• [What to do]
As output, give the exact lines from the one containing "Сколько стоил переезд" through the end of the listing below, both included, without the pictures.

*** Supplied material Section Begins ***

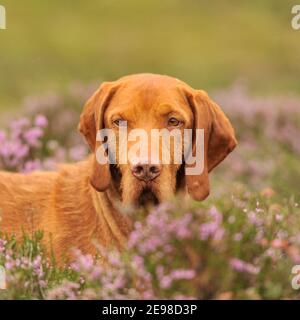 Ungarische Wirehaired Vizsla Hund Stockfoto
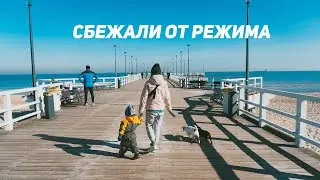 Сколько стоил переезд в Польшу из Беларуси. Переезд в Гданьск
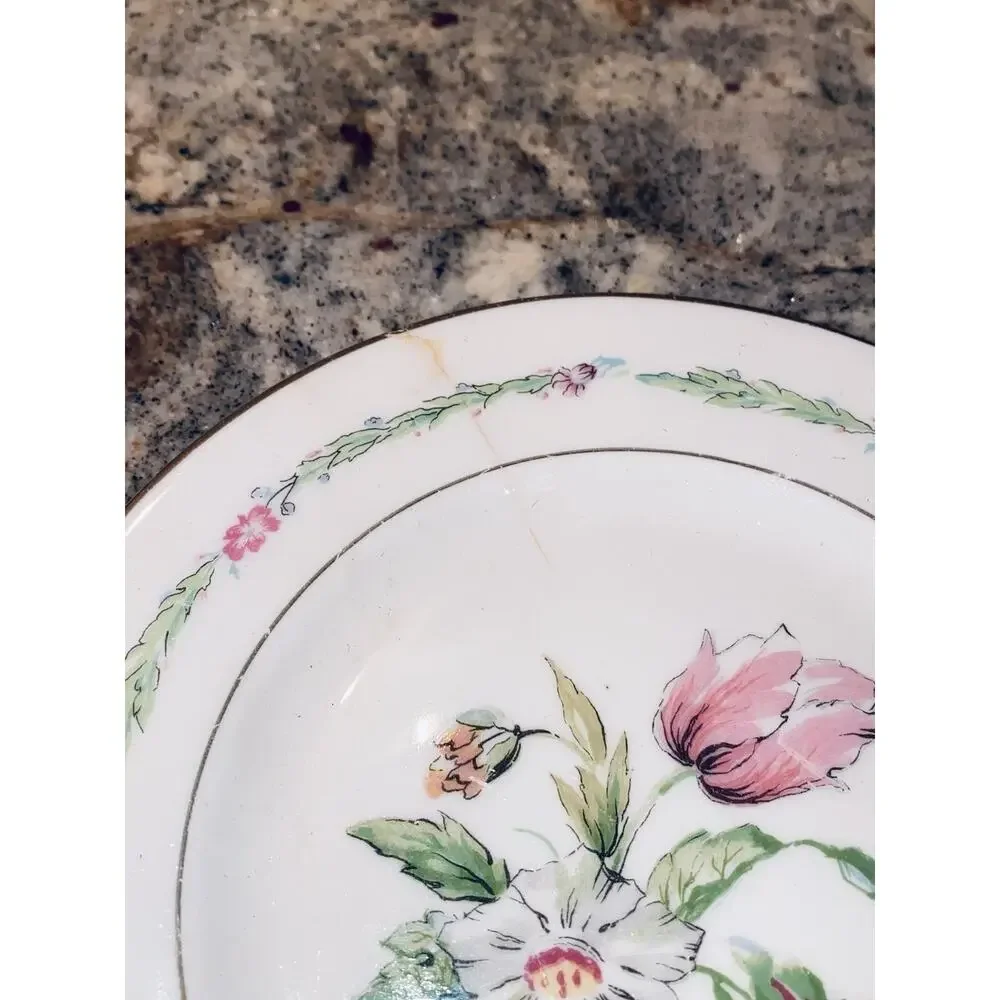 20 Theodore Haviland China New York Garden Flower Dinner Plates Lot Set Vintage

*** Supplied material Section Ends ***

• [Solution for this exercise]
 Сколько стоил переезд в Польшу из Беларуси. Переезд в Гданьск
 20 Theodore Haviland China New York Garden Flower Dinner Plates Lot Set Vintage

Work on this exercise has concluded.